Microsoft is giving its 16-year-old Web-email service a total overhaul and a new name. And the results are impressive.
Starting this week, it will be called Outlook.com. This is part of a new Microsoft strategy to use “Outlook” as the name for all its email offerings.
I’ve been using a pre-release version of this new email service for the past seven days and it includes dozens of smart features that simplify the otherwise-exasperating process of managing your email inbox. Examples include optional one-click scheduled cleanups of mail that delete all but the last message you got from someone; a safe, built-in way to unsubscribe from newsletters; and easy methods for creating email sorting rules for new and old messages. I cut the number of emails in my inbox in half after the first day of using Outlook.com.
The new Web-email service also incorporates social networks like Twitter, Facebook and LinkedIn, displaying profile photos and status updates alongside email messages. And yes, you’ll have the option of getting a new, @Outlook.com address, though you can also opt to stick with your @hotmail.com address. Though Hotmail is still the leading Web email service world-wide with over 325 million users, according to comScore Inc., Yahoo and Google’s Gmail dominate in the U.S.
The address book in Microsoft’s new Outlook.com shows people’s photos with their names.
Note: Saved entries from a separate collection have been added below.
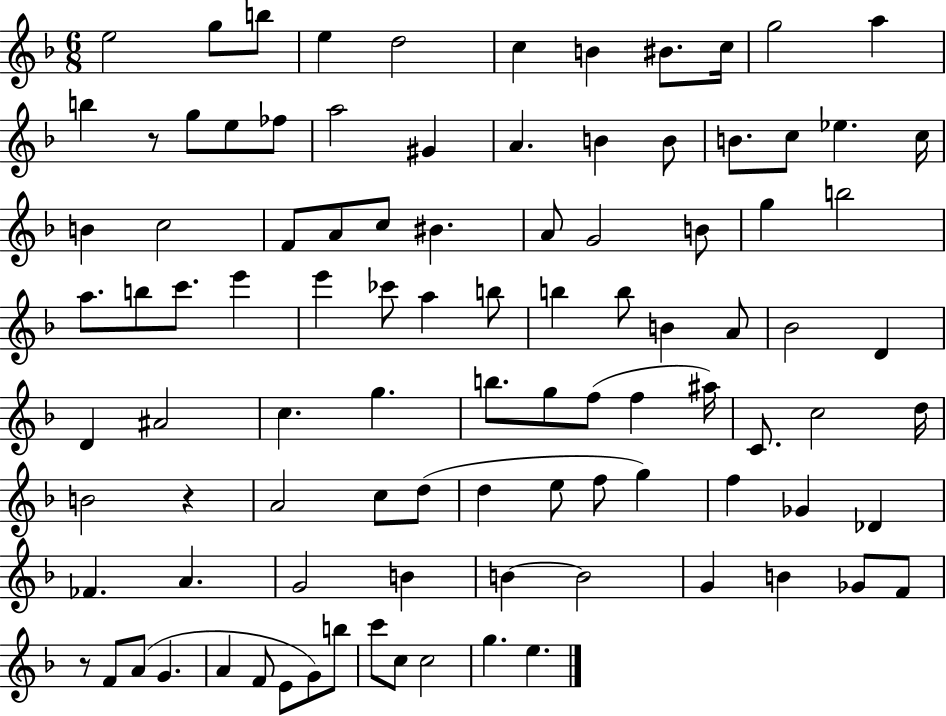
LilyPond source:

{
  \clef treble
  \numericTimeSignature
  \time 6/8
  \key f \major
  e''2 g''8 b''8 | e''4 d''2 | c''4 b'4 bis'8. c''16 | g''2 a''4 | \break b''4 r8 g''8 e''8 fes''8 | a''2 gis'4 | a'4. b'4 b'8 | b'8. c''8 ees''4. c''16 | \break b'4 c''2 | f'8 a'8 c''8 bis'4. | a'8 g'2 b'8 | g''4 b''2 | \break a''8. b''8 c'''8. e'''4 | e'''4 ces'''8 a''4 b''8 | b''4 b''8 b'4 a'8 | bes'2 d'4 | \break d'4 ais'2 | c''4. g''4. | b''8. g''8 f''8( f''4 ais''16) | c'8. c''2 d''16 | \break b'2 r4 | a'2 c''8 d''8( | d''4 e''8 f''8 g''4) | f''4 ges'4 des'4 | \break fes'4. a'4. | g'2 b'4 | b'4~~ b'2 | g'4 b'4 ges'8 f'8 | \break r8 f'8 a'8( g'4. | a'4 f'8 e'8 g'8) b''8 | c'''8 c''8 c''2 | g''4. e''4. | \break \bar "|."
} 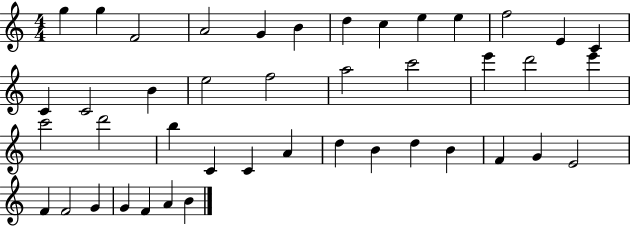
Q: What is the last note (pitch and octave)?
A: B4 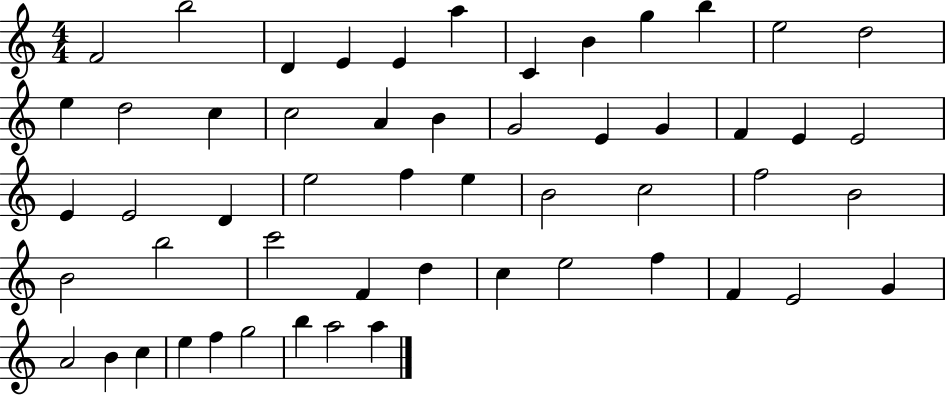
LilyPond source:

{
  \clef treble
  \numericTimeSignature
  \time 4/4
  \key c \major
  f'2 b''2 | d'4 e'4 e'4 a''4 | c'4 b'4 g''4 b''4 | e''2 d''2 | \break e''4 d''2 c''4 | c''2 a'4 b'4 | g'2 e'4 g'4 | f'4 e'4 e'2 | \break e'4 e'2 d'4 | e''2 f''4 e''4 | b'2 c''2 | f''2 b'2 | \break b'2 b''2 | c'''2 f'4 d''4 | c''4 e''2 f''4 | f'4 e'2 g'4 | \break a'2 b'4 c''4 | e''4 f''4 g''2 | b''4 a''2 a''4 | \bar "|."
} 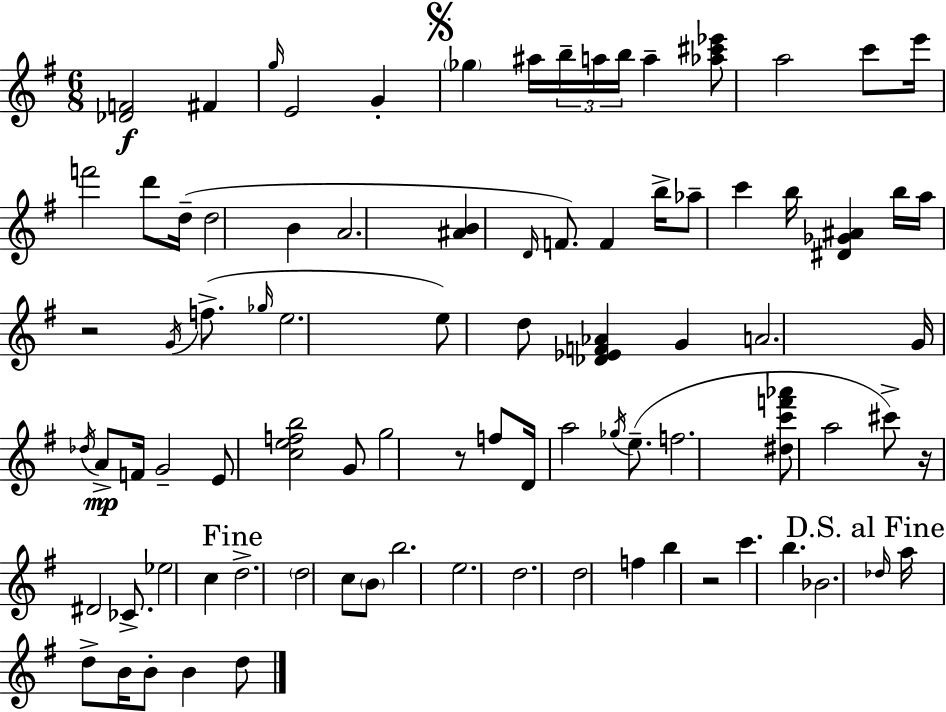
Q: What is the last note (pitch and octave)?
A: D5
This is just one of many dramatic moves at Microsoft this summer. The company is readying for the massive fall launch of Windows 8, which will historically meld the desktop PC and tablet operating systems in one place. It also just announced a new version of Office 2013, which updates the software program to work smarter with the Web. If that wasn’t enough, in June the company announced its upcoming iPad challenger, Surface, which favors Apple’s model of designing and manufacturing hardware in lieu of Microsoft’s traditional software-only philosophy.
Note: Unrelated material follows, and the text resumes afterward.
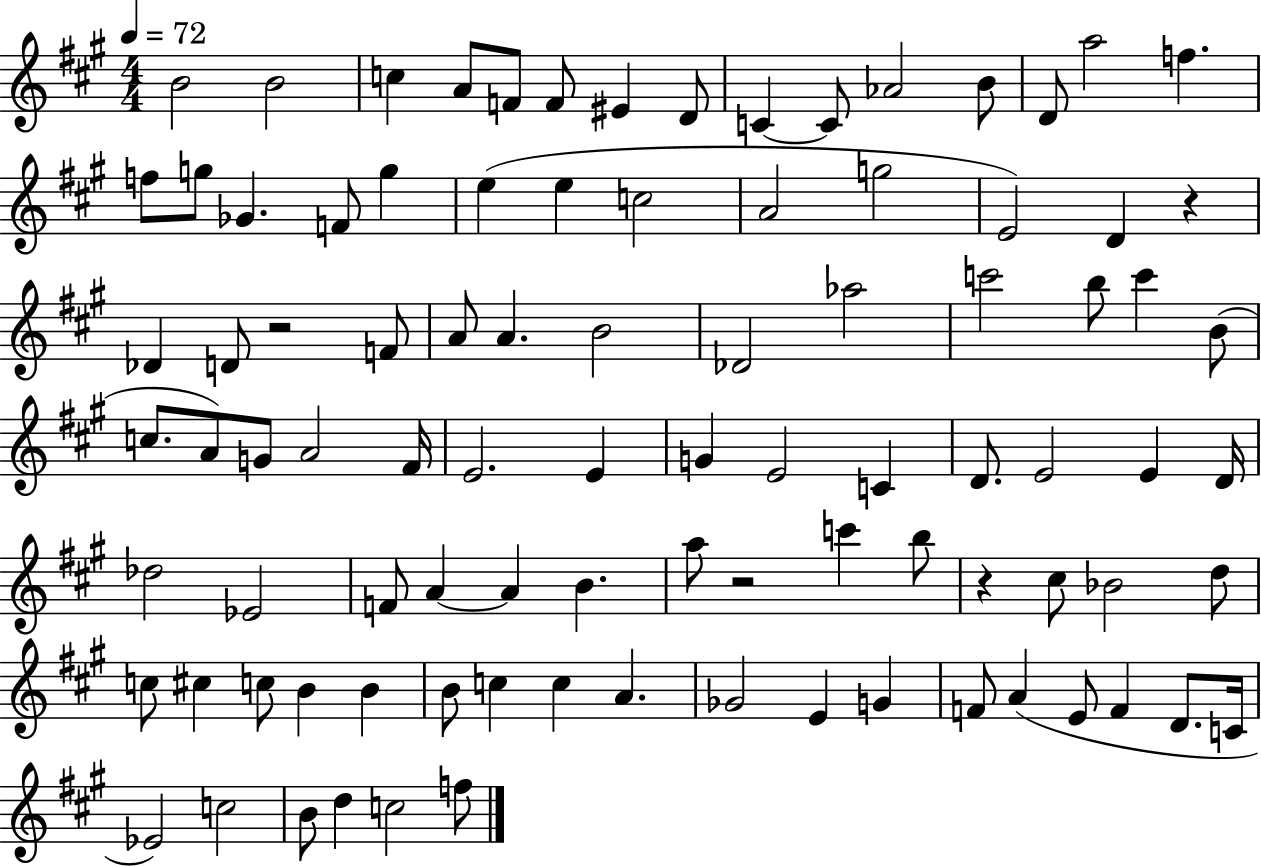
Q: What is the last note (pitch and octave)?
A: F5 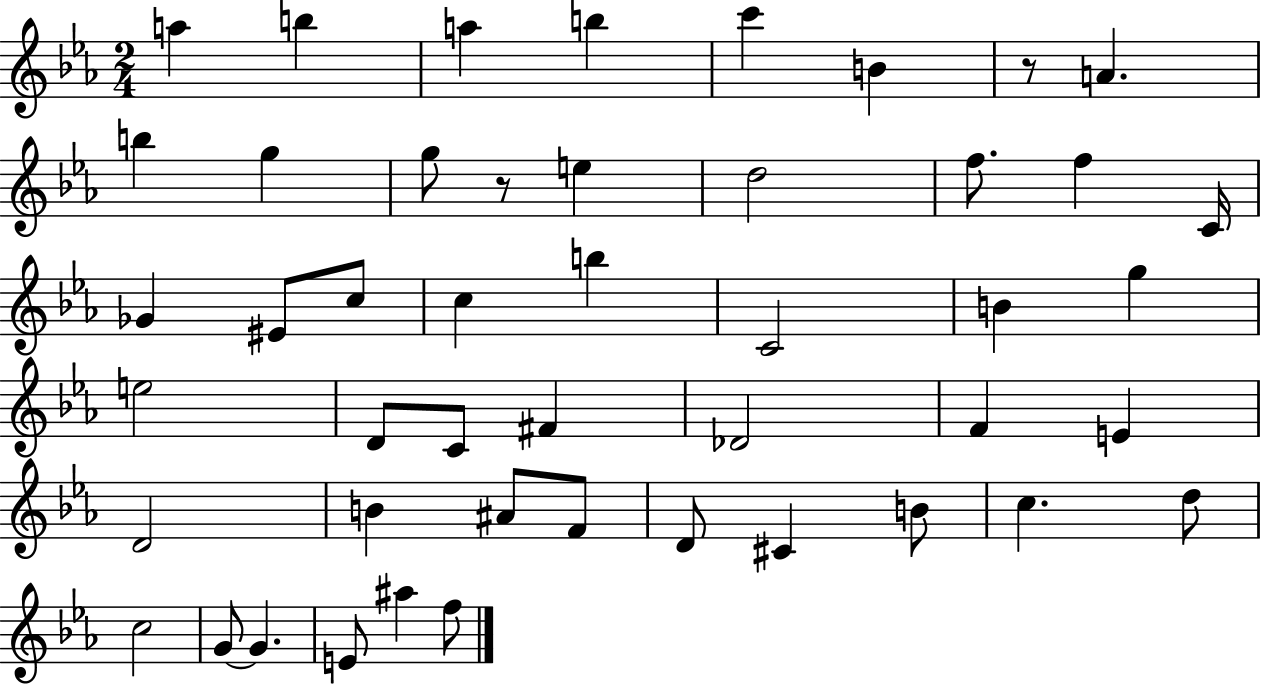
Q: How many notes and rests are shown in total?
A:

Not all of the features in Outlook.com will work as you expect. Only half of my email contacts’ names appeared with profile photos automatically pulled in from Facebook. This was because those friends either weren’t on Facebook or had registered for Facebook with an email other than the one they were using to communicate with me. I only saw a couple friends’ Twitter updates. Facebook chat is also built in, but I rarely use this.
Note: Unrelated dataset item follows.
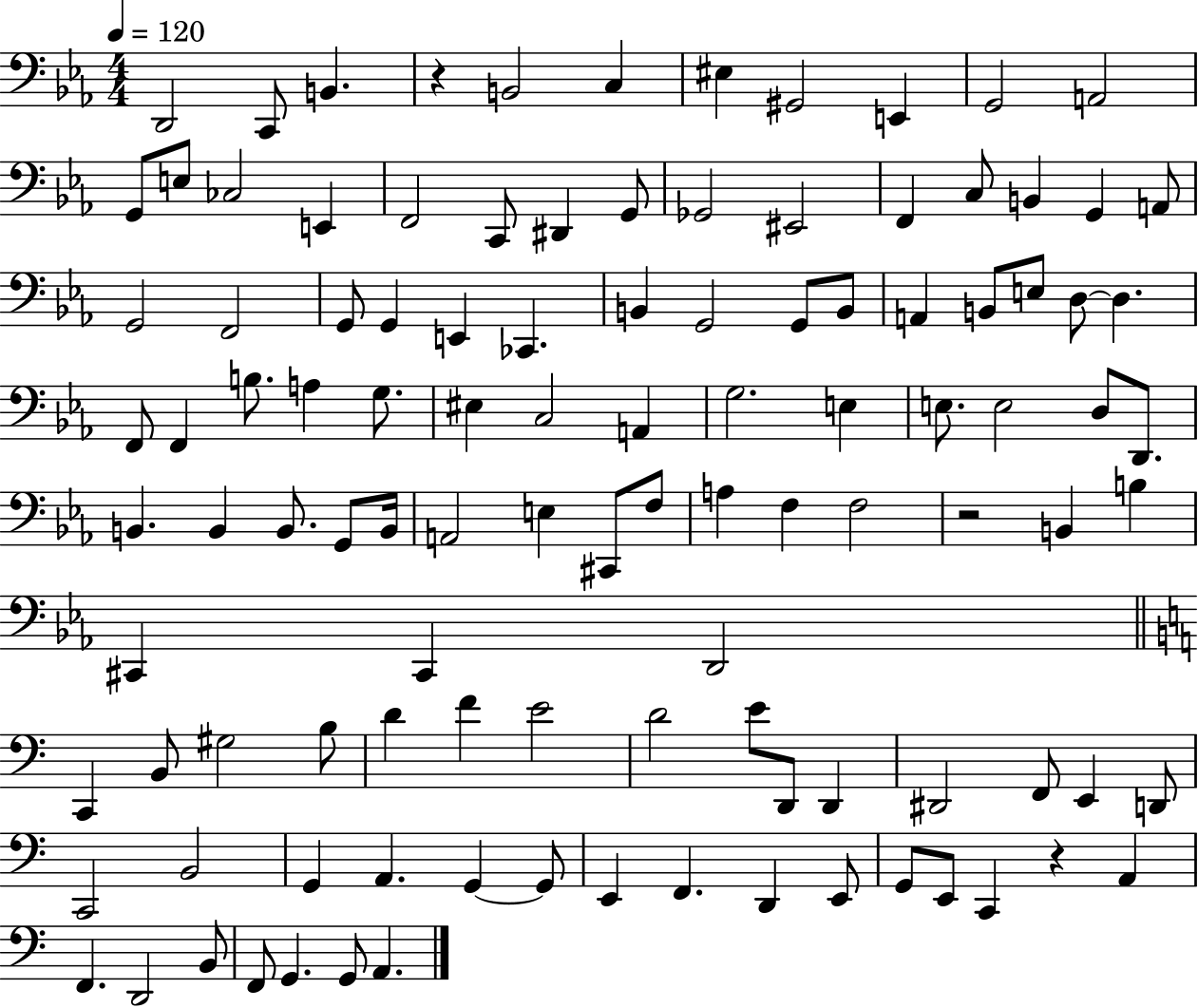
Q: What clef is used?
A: bass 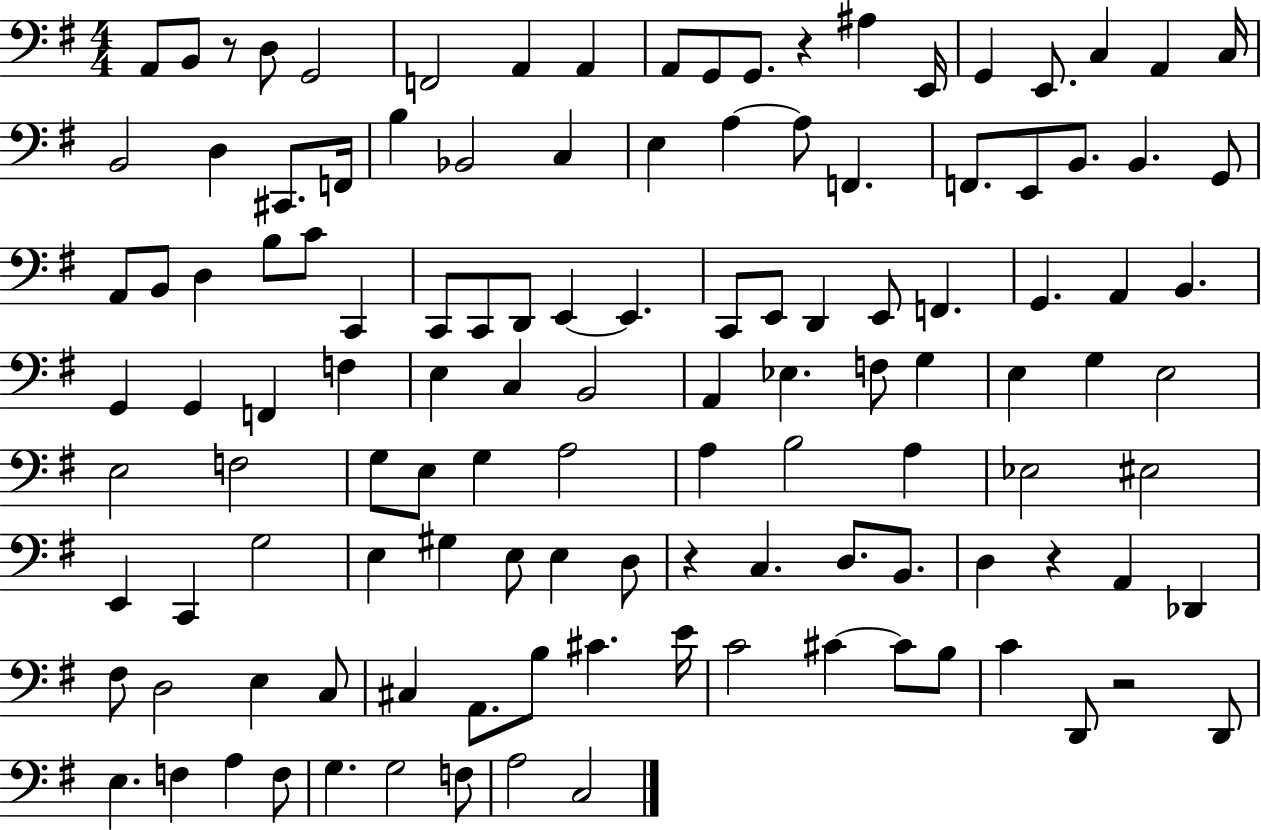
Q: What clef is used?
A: bass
When Outlook.com’s automatic linking to social networks did work, the result was magical. Dull, text-only contact names were suddenly enhanced by photos, some from people I didn’t know were on Facebook.
I didn’t have to leave email to see my friends’ latest status updates. I could click a thumbs-up icon to “like” the status right in Outlook.com, or click a word bubble to comment, though this sent me off to Facebook.com. If someone was registered on Facebook but we weren’t friends, I saw that person’s profile photo and a link to add the person as a friend. I did this with one of my longtime tennis teammates.
The overall look of Outlook.com is much cleaner and more refined compared to Hotmail. Fonts are larger and easier to read, and it has built-in, playful animations that made me want to send emails: Each time I hit Send, the whole message appeared to instantly shrink and be sent off away from me.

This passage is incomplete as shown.